[Work to complete]: Output the full listing below exactly as it reads, and skip anything that is a picture.

[Material provided]:

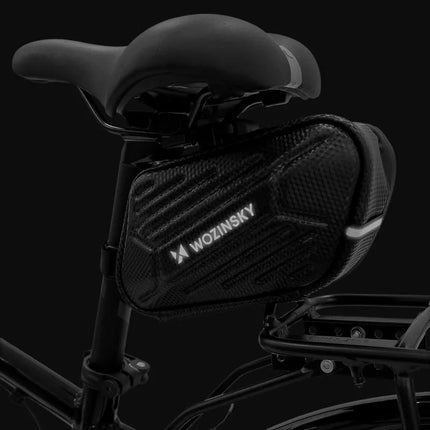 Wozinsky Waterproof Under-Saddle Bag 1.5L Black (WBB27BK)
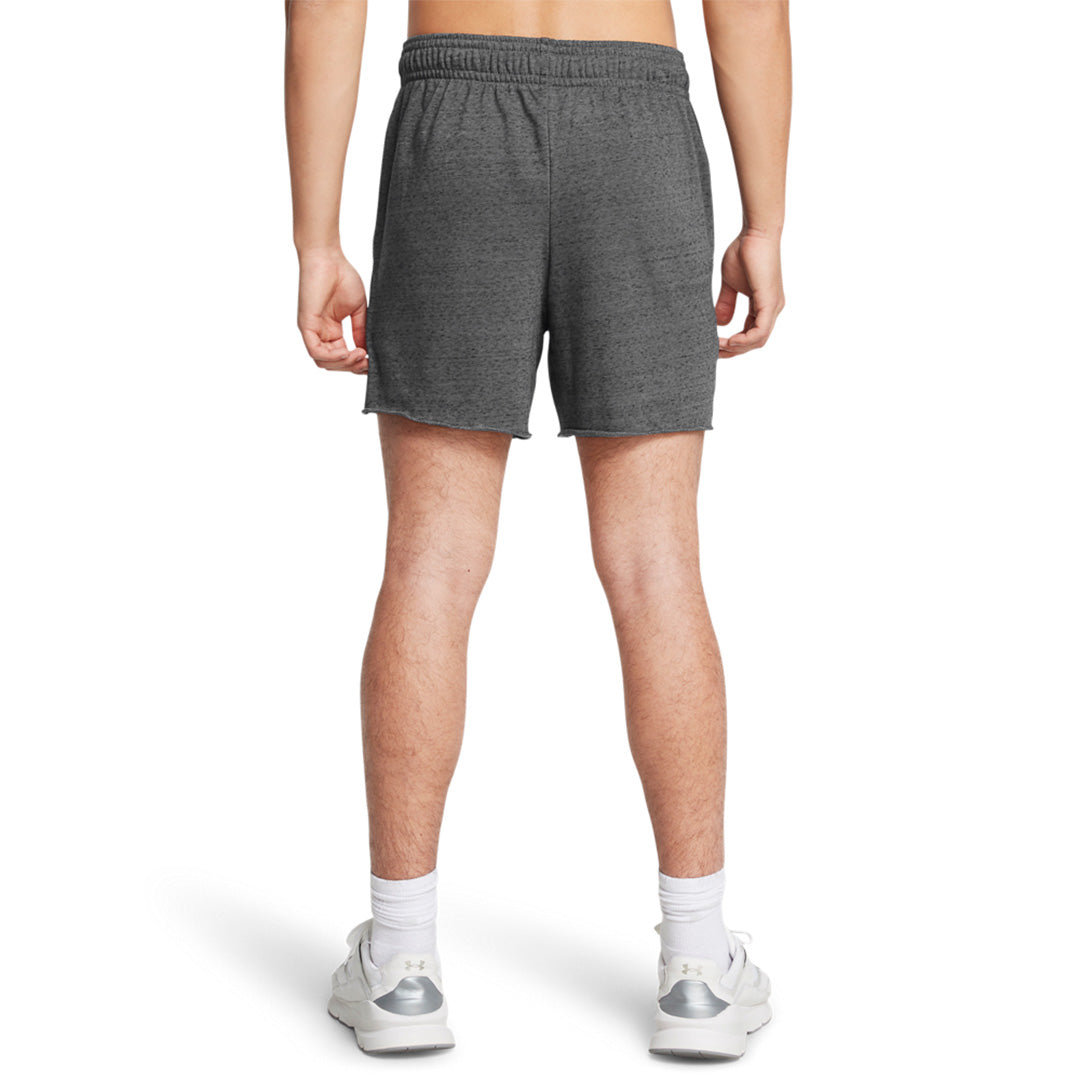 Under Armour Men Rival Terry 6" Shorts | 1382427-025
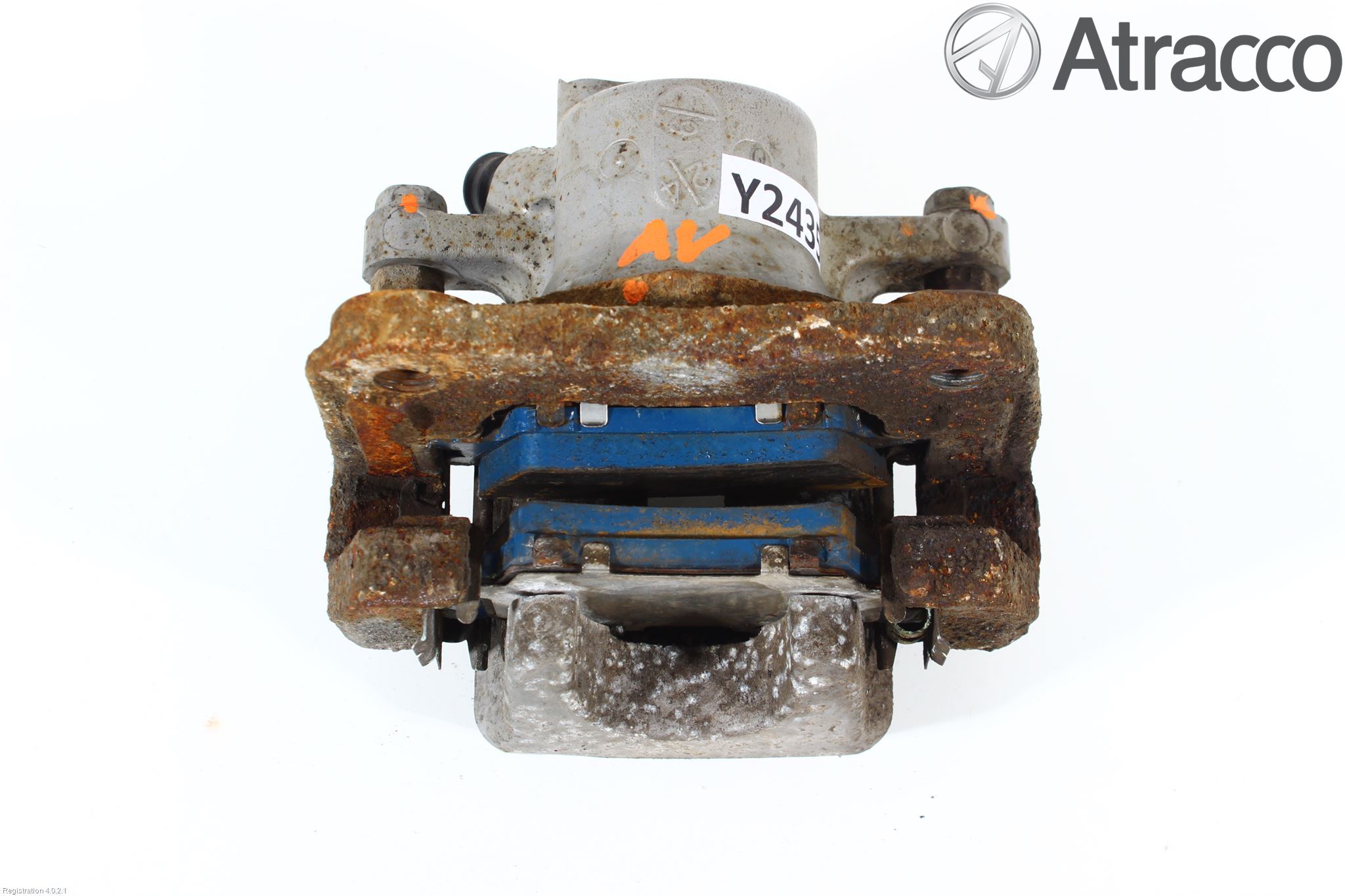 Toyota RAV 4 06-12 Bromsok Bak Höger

[Task answer]:
 Wozinsky Waterproof Under-Saddle Bag 1.5L Black (WBB27BK)
 Under Armour Men Rival Terry 6" Shorts | 1382427-025
 Toyota RAV 4 06-12 Bromsok Bak Höger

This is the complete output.